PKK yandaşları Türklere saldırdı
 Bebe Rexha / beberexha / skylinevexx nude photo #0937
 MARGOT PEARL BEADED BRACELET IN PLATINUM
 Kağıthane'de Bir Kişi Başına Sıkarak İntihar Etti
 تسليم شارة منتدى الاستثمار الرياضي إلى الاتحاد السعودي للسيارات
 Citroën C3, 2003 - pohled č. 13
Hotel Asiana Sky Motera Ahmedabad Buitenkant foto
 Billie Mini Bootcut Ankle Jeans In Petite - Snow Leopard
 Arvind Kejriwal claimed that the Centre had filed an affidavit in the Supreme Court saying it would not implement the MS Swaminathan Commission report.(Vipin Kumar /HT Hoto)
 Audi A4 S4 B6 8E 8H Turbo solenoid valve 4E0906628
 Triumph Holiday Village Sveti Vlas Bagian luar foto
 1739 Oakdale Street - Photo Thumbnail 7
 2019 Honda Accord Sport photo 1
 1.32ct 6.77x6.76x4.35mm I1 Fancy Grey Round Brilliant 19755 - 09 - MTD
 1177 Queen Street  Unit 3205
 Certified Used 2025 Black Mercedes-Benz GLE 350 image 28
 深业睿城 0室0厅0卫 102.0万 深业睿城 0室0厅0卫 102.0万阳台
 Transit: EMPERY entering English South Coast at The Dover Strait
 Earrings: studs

+===+

● Instructions to follow: Would you please show every line of the material above that includes the string "Street"?

● Answer:
 1739 Oakdale Street - Photo Thumbnail 7
 1177 Queen Street  Unit 3205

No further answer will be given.